Thursday, July 10, 2008

Self Love: An Added Benefit of Massage School


Sometimes it's hard for me to convey how much of a difference massage school can make in a person's life. I got this thank you email last month and was really touched by our graduate's words. I've reprinted it with his permission.

Rebecca (as well Donna, Davida, Ryan, and Kim),

I've been meaning to write to you for a while now but find this is the best time for me to do so. I wanted to say thank you. Thank you for helping me discover, in myself, the ability to be who I can. Even though I was still and arrogant little shit while at RMIHA, I was instilled with the tools to be someone who is compassionate and can learn to love-to love with my entire being.

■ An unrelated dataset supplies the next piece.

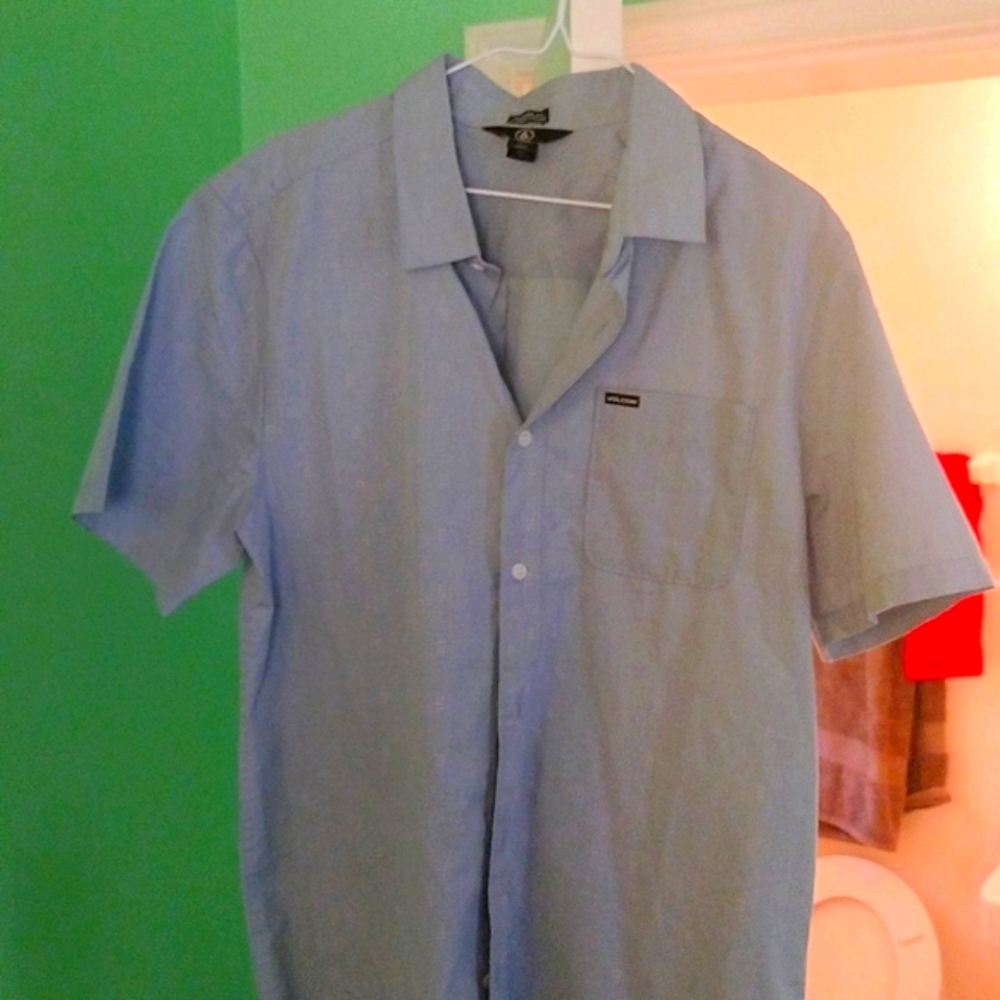 Men's Volcom knit button down shirt sleeve light blue shirt size large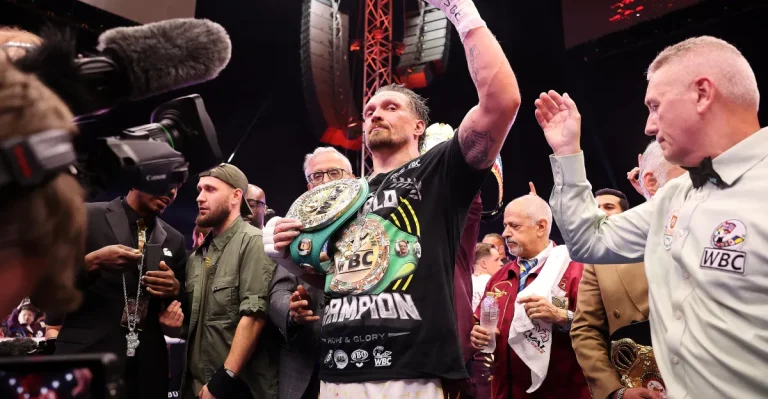 202606Usyk-Vacates-Heavyweight-Titles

These last few years have been extremely difficult for me, and most especially my relationship with [my partner]. We entered each others lives as unhealthy, destructive children, who tried to love each other without knowing how to love ourselves. We tried, but our fear of pain kept us from fully opening up to each other and that fear spilled over into every aspect of US. When the bottom fell out we were both wounded so deeply, and old wounds that were never resolved joined in the fray. I pushed her away, and she felt abandoned. If, for nobody other than myself, I want you to know that I am indebted to you, because in that darkness of fear and pain, I found a grain of light. A grain of infinite possibility that I am a beautiful person. A grain that was revealed to me through my education at RMIHA. I realized that the person who really hurt me the most was myself, because I had not forgiven myself for things I still carried with me, and they prevented me from loving myself, and in turn, loving [my partner]. I have been buried in David Richo's books (which I also would not have known without my education) and I have realized that I can forgive myself, and I can love myself. And that now I can truly love those around me. To love them in a way which I had never known before. I see now that massage was not what I really learned, rather, I learned how but be human. How to feel, and how to love, truly and deeply. And so, from the bottom of my heart, thank you-so very much thank you. I'm ready to begin a new chapter in my life, and a new relationship with [my partner] that will finally be healthy and productive, and be the father that [my son] needs...I'm ready to grow up.

much love always,

-ef, Class of 2005

1 comment:

Anonymous said...

Wow---I am currently a new student, and I was very touched by your email. My brother died in a tragic head-on collision last Christmas, and I have been mourning his life spent being unable to truly love himself. I am currently working extremely hard to overcome this trait in myself, and your letter is an inspiration for me to continue this work. Thank you.